Task goal:
Start at the first line below and write out everything verbatim except the pictures.

Provided material:
⟨
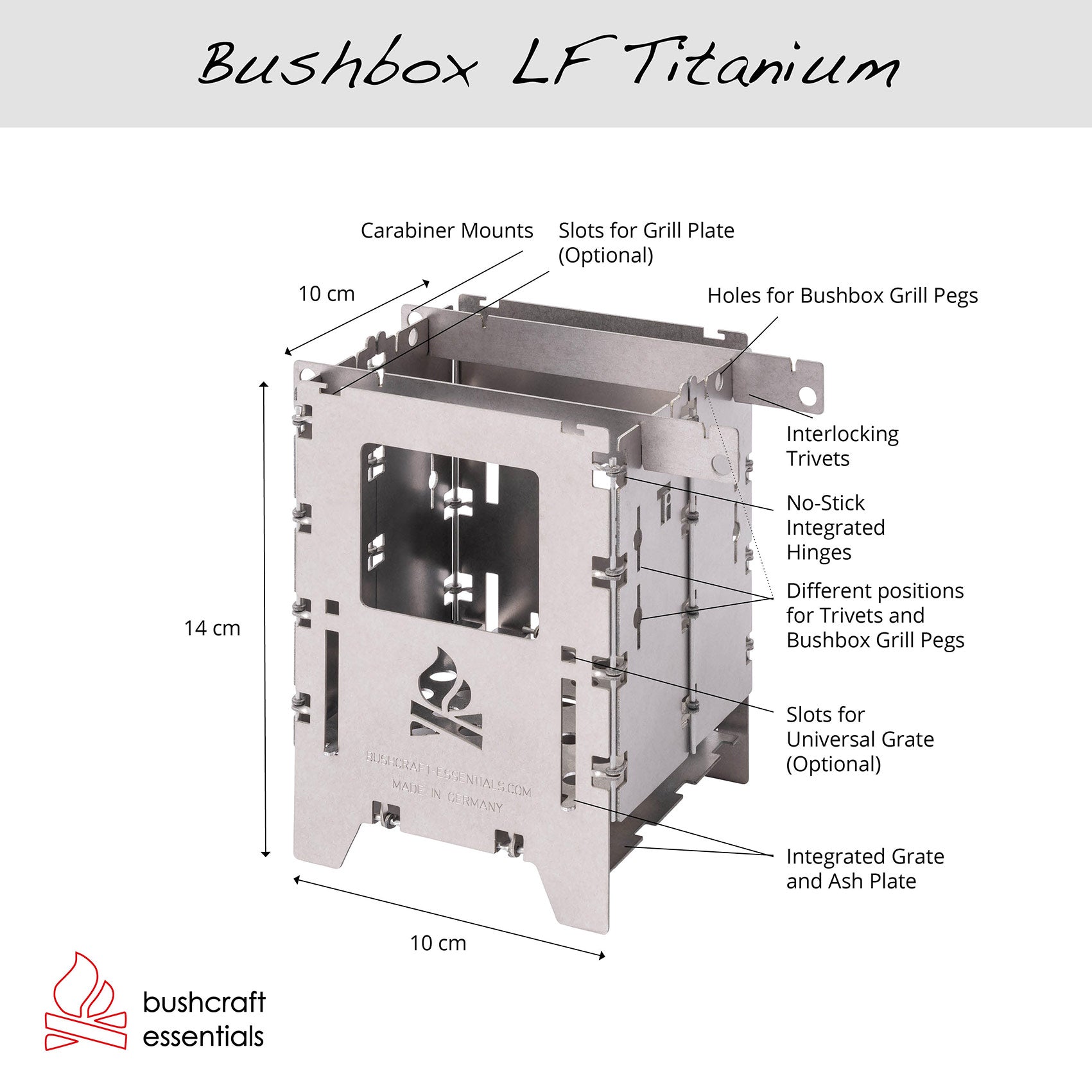 Bushcraft Essentials Bushbox LF Titanium réchaud bois pliable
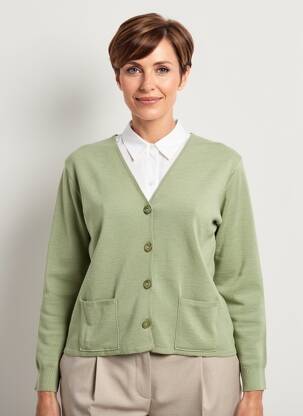 Vestă cu mâneci lungi elasticitate verde DUGER femeie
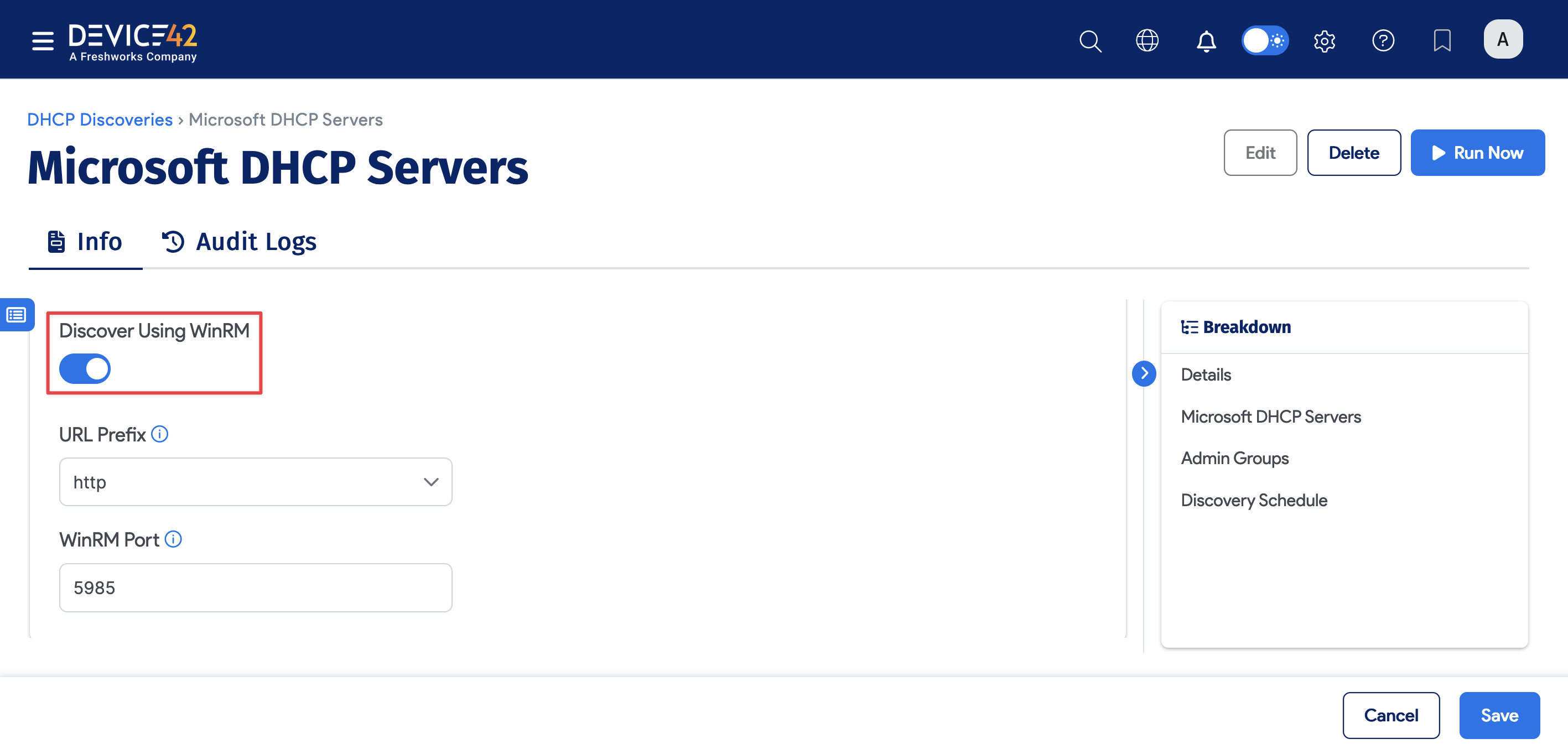 DHCP WinRM option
⟩
Task response:
 Bushcraft Essentials Bushbox LF Titanium réchaud bois pliable
 Vestă cu mâneci lungi elasticitate verde DUGER femeie
 DHCP WinRM option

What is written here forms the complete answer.